SOURCE MATERIAL: Begin

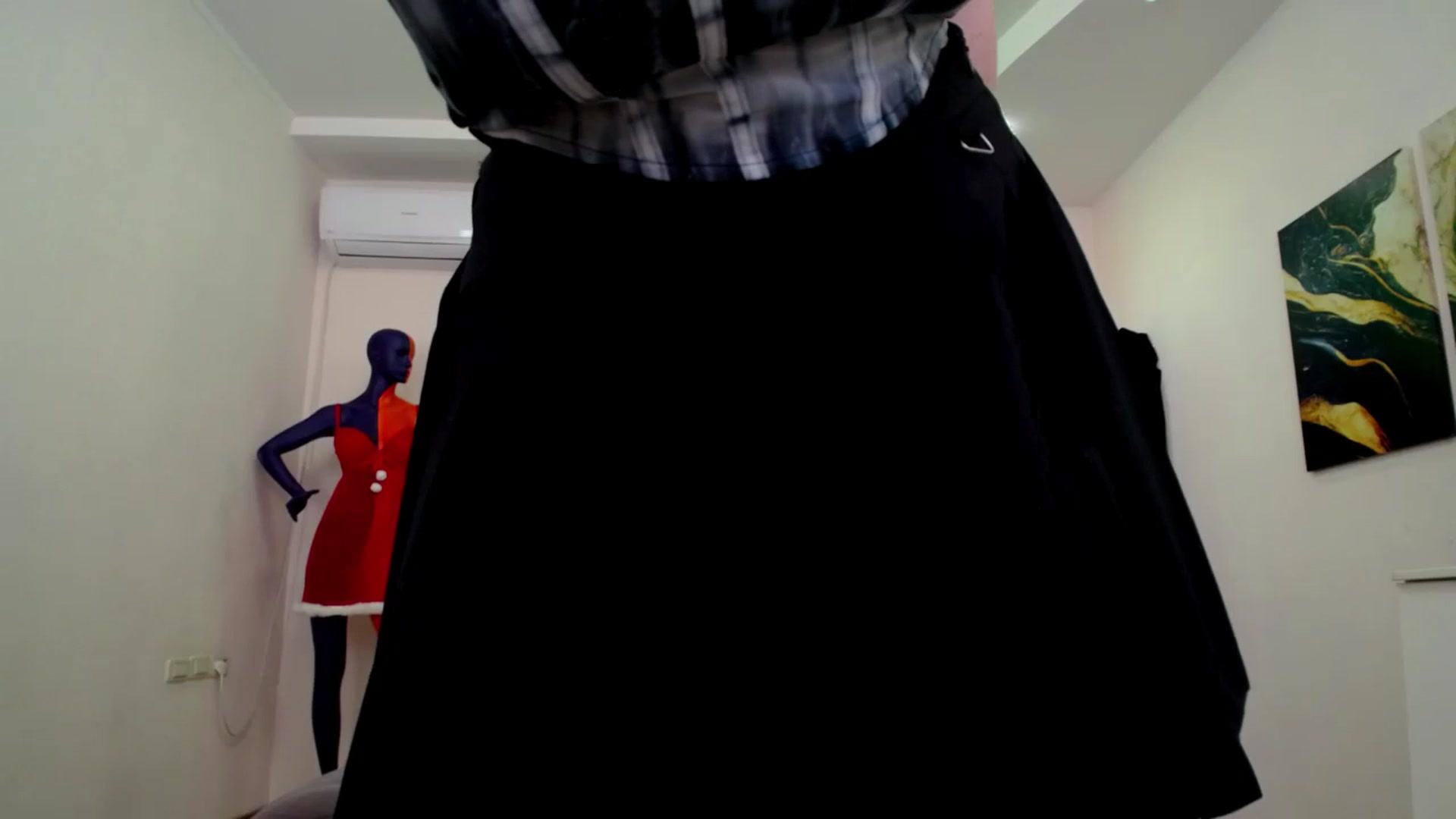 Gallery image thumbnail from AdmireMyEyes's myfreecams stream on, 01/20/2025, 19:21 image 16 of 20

SOURCE MATERIAL: End
SOURCE MATERIAL: Begin

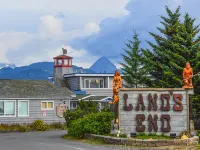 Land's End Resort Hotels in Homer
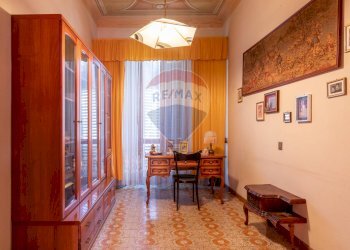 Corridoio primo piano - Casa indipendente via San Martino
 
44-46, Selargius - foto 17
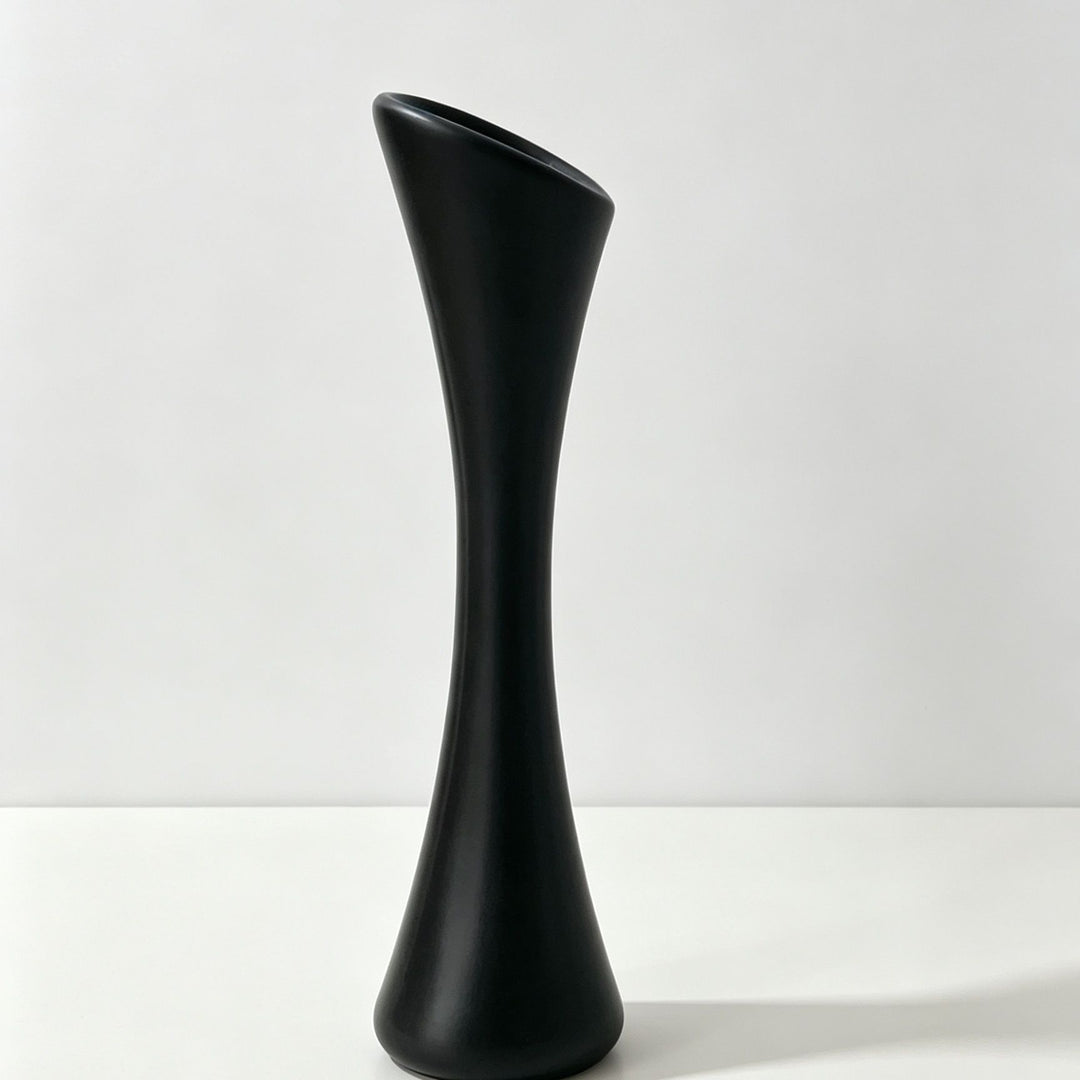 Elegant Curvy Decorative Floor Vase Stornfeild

SOURCE MATERIAL: End
SOURCE MATERIAL: Begin

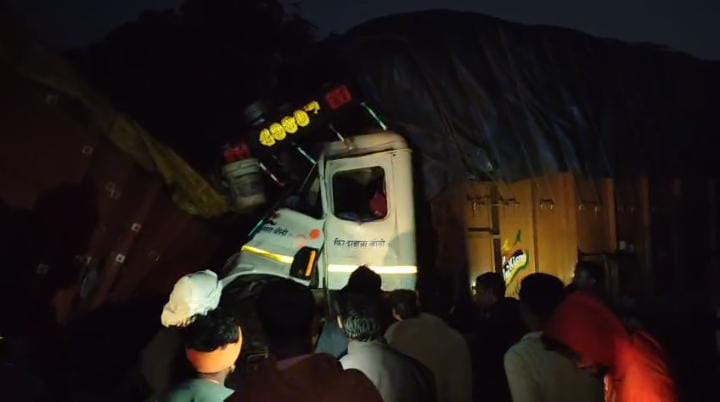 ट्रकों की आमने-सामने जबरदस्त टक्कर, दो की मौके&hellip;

SOURCE MATERIAL: End

**WHAT THE TASK ASKS:** Repeat, word for word, the lines of the material above from the one holding "44-46, Selargius - foto 17" through the one holding "Elegant Curvy Decorative". Leave out pictures.

**FINAL ANSWER:**
44-46, Selargius - foto 17
 Elegant Curvy Decorative Floor Vase Stornfeild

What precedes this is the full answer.